*** The input ***
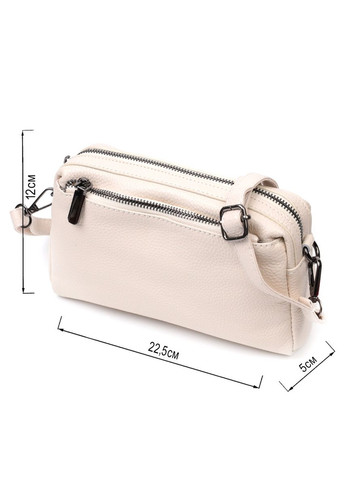 Сумка-клатч для женщин из мягкой натуральной кожи 22376 Белая Vintage (329146606)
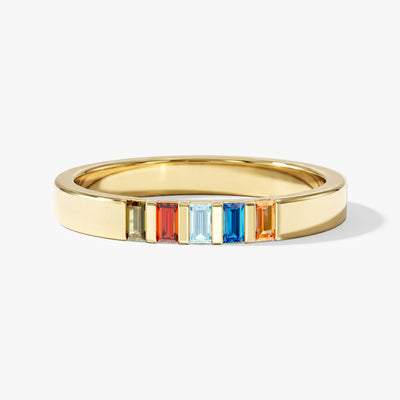 Baguette Multi Birthstone Ring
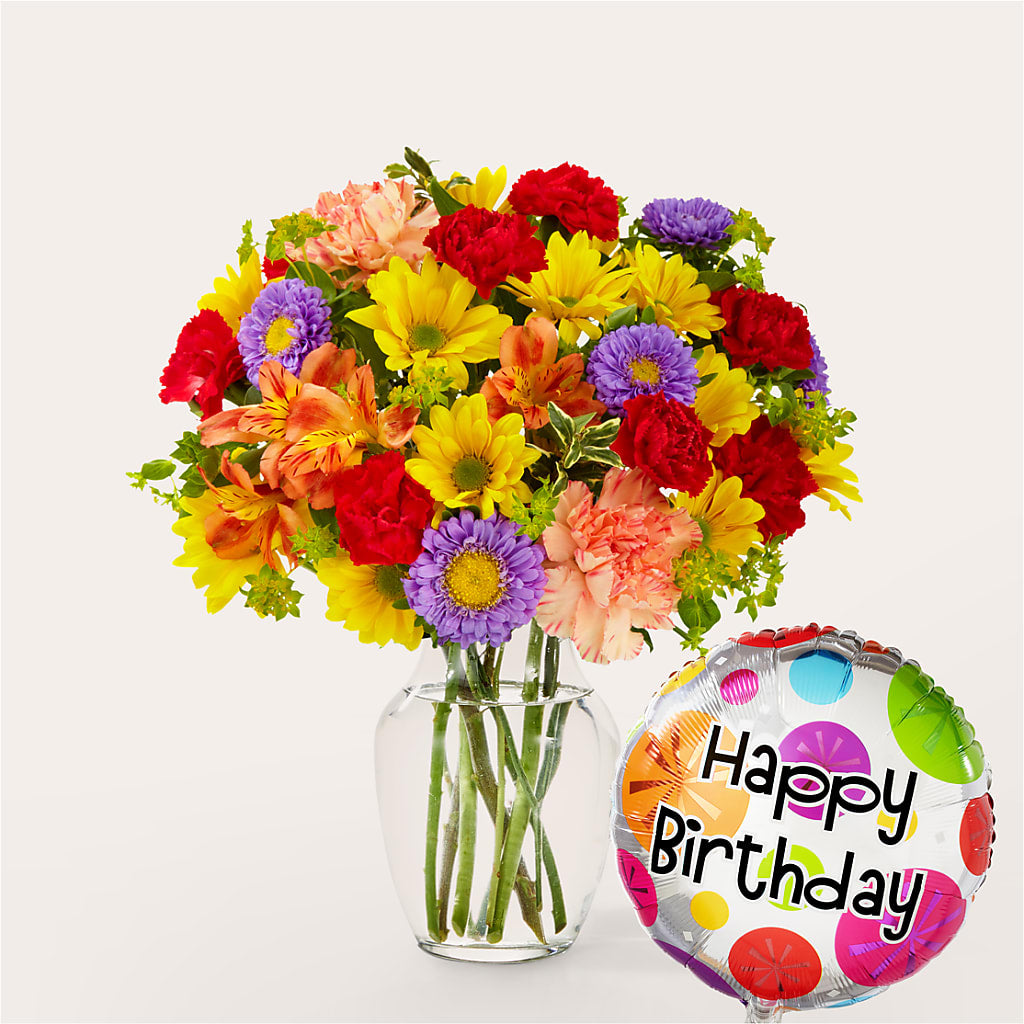 Kaleidoscope Bouquet with Birthday Balloon – La Veranera Flower Shop, Nashville TN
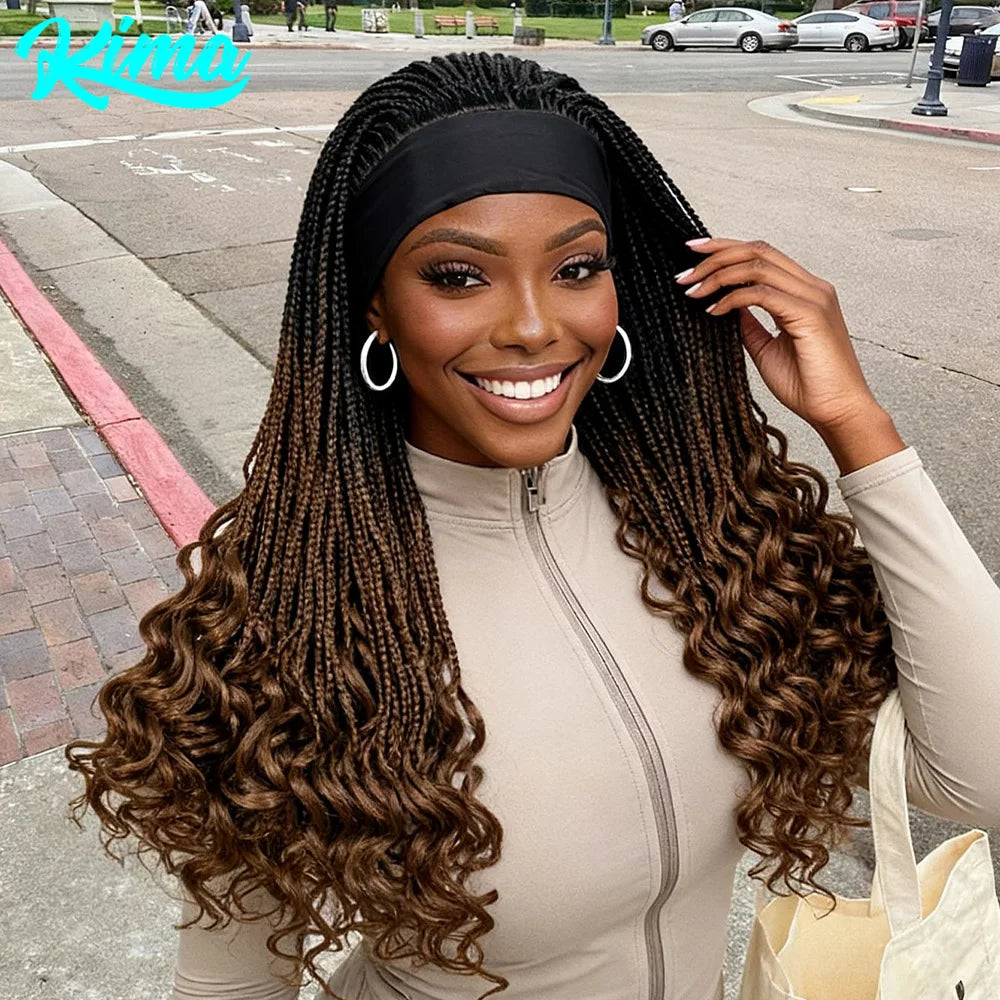 Silk Headband Wig Braided Wigs with Curly Ends Headband Wigs Knotless Braided Wig Easy to Wear for Black Women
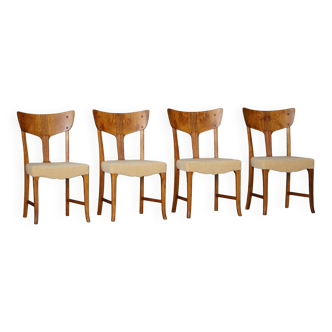 Early 20th century, set of 4 Danish Art Nouveau dining chairs, burl & velvet.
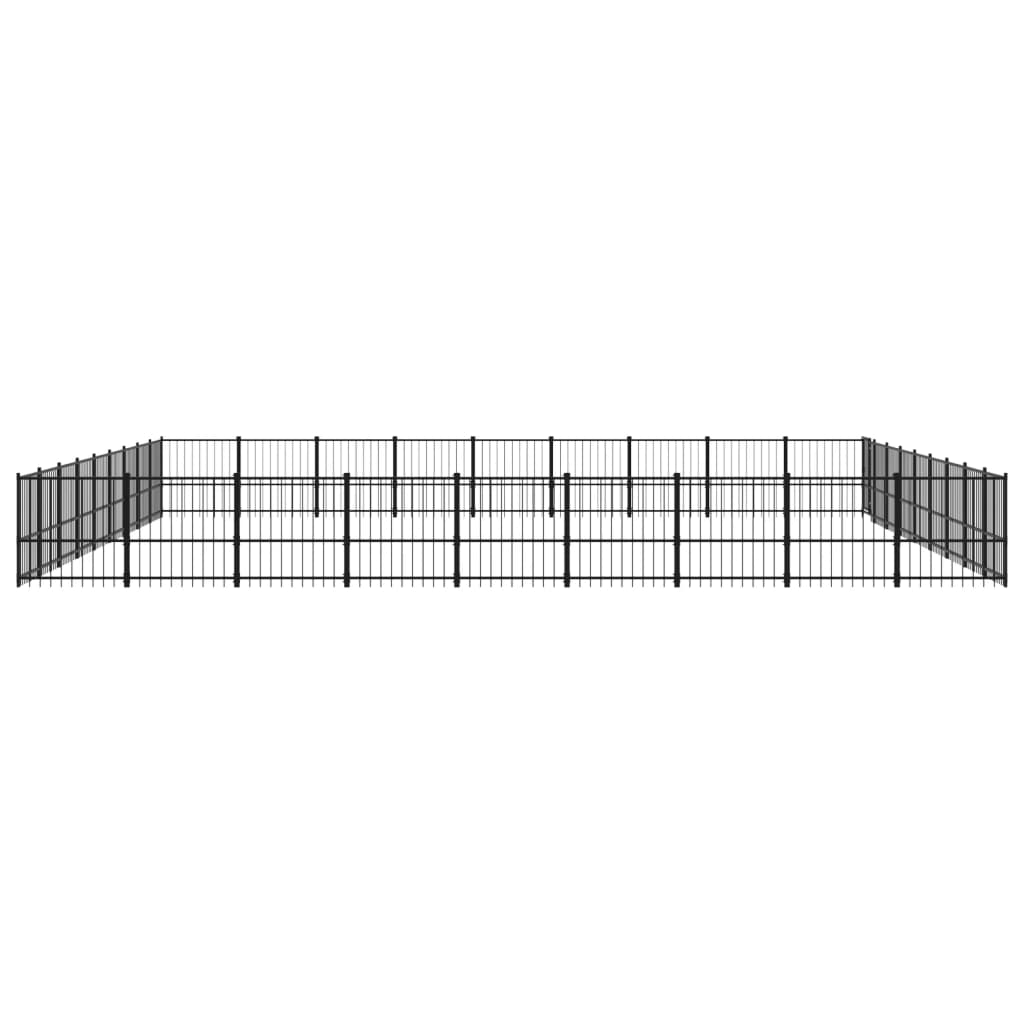 vidaXL Outdoor Dog Kennel Steel 76.21 m²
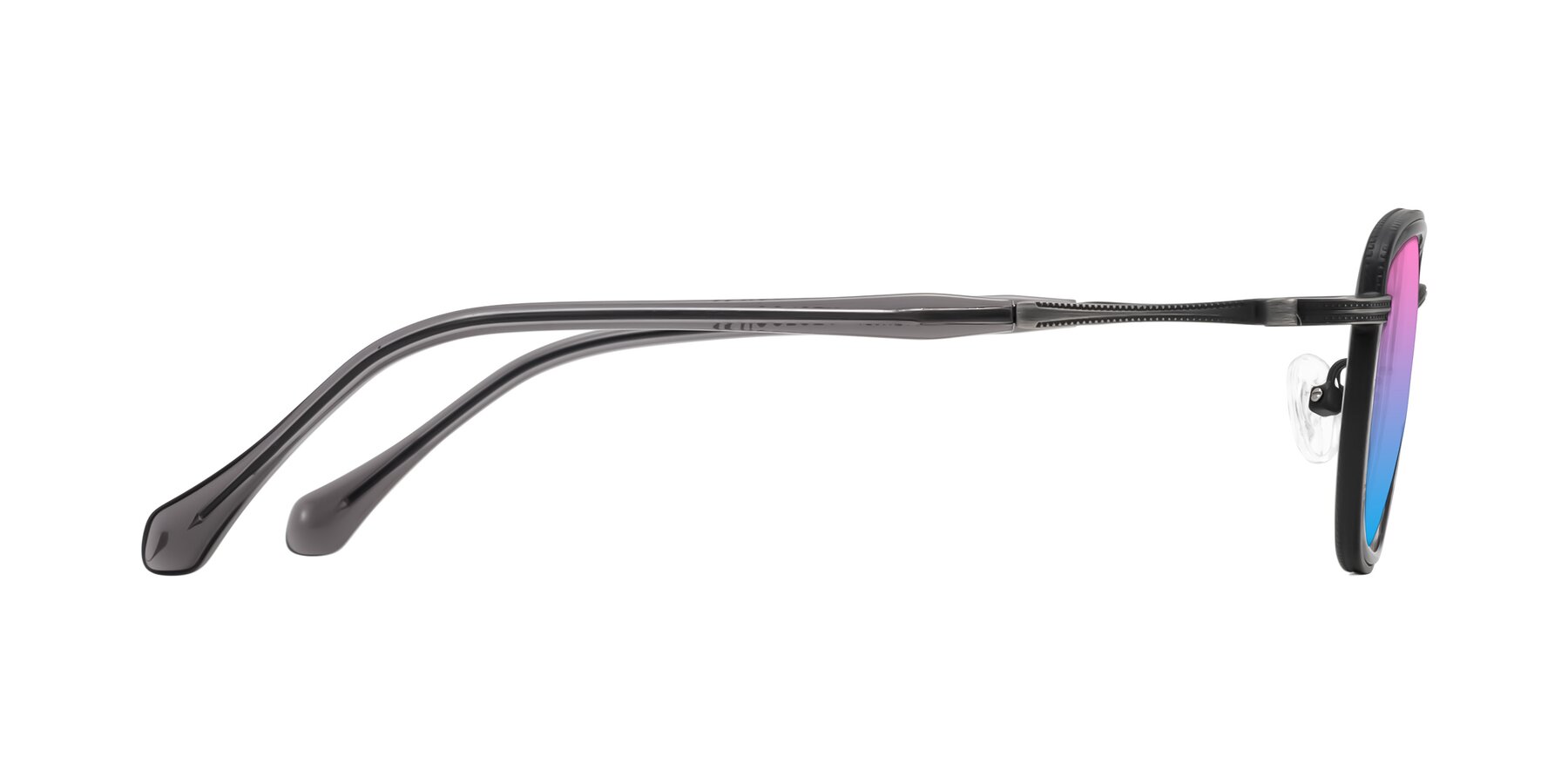 Side of Hunter in Gunmetal/Gray with Pink / Blue Gradient Lenses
*** End of The input ***
● Work task: Please return the records as they stand, word for word, with no pictures.

● Solution:
 Сумка-клатч для женщин из мягкой натуральной кожи 22376 Белая Vintage (329146606)
 Baguette Multi Birthstone Ring
 Kaleidoscope Bouquet with Birthday Balloon – La Veranera Flower Shop, Nashville TN
 Silk Headband Wig Braided Wigs with Curly Ends Headband Wigs Knotless Braided Wig Easy to Wear for Black Women
 Early 20th century, set of 4 Danish Art Nouveau dining chairs, burl & velvet.
 vidaXL Outdoor Dog Kennel Steel 76.21 m²
 Side of Hunter in Gunmetal/Gray with Pink / Blue Gradient Lenses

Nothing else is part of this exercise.